_INFORMATION PROVIDED_
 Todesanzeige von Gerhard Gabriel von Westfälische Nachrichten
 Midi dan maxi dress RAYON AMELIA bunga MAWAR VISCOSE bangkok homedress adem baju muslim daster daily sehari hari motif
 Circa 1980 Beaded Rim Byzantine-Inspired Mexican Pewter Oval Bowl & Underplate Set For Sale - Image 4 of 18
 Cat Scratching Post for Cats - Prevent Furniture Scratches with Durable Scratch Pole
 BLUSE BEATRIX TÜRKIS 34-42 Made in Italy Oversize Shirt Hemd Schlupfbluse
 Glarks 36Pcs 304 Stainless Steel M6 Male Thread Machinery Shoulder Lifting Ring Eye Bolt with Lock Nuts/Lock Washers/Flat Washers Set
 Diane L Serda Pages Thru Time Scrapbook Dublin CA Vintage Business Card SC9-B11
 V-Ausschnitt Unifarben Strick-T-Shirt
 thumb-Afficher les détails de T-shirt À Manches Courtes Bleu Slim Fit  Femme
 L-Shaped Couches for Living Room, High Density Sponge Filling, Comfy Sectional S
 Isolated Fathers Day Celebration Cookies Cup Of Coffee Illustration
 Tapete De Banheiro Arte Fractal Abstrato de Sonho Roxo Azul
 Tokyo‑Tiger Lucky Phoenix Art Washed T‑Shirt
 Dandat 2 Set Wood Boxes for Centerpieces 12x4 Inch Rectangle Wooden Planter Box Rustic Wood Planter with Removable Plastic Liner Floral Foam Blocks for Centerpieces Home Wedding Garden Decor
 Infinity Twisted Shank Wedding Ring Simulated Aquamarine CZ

_DESCRIPTION OF THE TASK_
From the line that holds "thumb-Afficher les détails" down to the last line of the material, copy every line exactly and add nothing.

_RESULT OF THIS TASK_
 thumb-Afficher les détails de T-shirt À Manches Courtes Bleu Slim Fit  Femme
 L-Shaped Couches for Living Room, High Density Sponge Filling, Comfy Sectional S
 Isolated Fathers Day Celebration Cookies Cup Of Coffee Illustration
 Tapete De Banheiro Arte Fractal Abstrato de Sonho Roxo Azul
 Tokyo‑Tiger Lucky Phoenix Art Washed T‑Shirt
 Dandat 2 Set Wood Boxes for Centerpieces 12x4 Inch Rectangle Wooden Planter Box Rustic Wood Planter with Removable Plastic Liner Floral Foam Blocks for Centerpieces Home Wedding Garden Decor
 Infinity Twisted Shank Wedding Ring Simulated Aquamarine CZ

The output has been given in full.